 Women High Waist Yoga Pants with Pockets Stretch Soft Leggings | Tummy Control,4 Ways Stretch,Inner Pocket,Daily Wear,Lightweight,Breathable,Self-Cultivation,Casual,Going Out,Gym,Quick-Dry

* * *

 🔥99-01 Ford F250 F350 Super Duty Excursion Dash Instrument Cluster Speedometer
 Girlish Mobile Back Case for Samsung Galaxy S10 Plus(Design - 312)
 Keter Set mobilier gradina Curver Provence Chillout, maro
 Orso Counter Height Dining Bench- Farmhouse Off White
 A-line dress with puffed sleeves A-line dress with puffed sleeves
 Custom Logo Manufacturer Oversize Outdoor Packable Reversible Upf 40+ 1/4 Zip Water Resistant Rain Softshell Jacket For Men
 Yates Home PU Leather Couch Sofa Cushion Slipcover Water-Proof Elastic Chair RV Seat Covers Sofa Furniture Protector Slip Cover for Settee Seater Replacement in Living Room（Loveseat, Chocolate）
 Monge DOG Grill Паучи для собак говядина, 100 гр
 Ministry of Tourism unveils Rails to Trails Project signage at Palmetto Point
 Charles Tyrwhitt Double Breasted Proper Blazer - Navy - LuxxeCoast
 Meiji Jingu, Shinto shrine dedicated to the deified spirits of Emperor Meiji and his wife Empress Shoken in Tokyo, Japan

---

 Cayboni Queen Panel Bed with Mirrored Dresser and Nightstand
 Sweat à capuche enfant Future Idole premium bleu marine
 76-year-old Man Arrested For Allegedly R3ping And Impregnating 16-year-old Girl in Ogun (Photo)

Task details ▸
Show the lines of the material that contain the word "with".

Solution below ▸
 Women High Waist Yoga Pants with Pockets Stretch Soft Leggings | Tummy Control,4 Ways Stretch,Inner Pocket,Daily Wear,Lightweight,Breathable,Self-Cultivation,Casual,Going Out,Gym,Quick-Dry
 A-line dress with puffed sleeves A-line dress with puffed sleeves
 Cayboni Queen Panel Bed with Mirrored Dresser and Nightstand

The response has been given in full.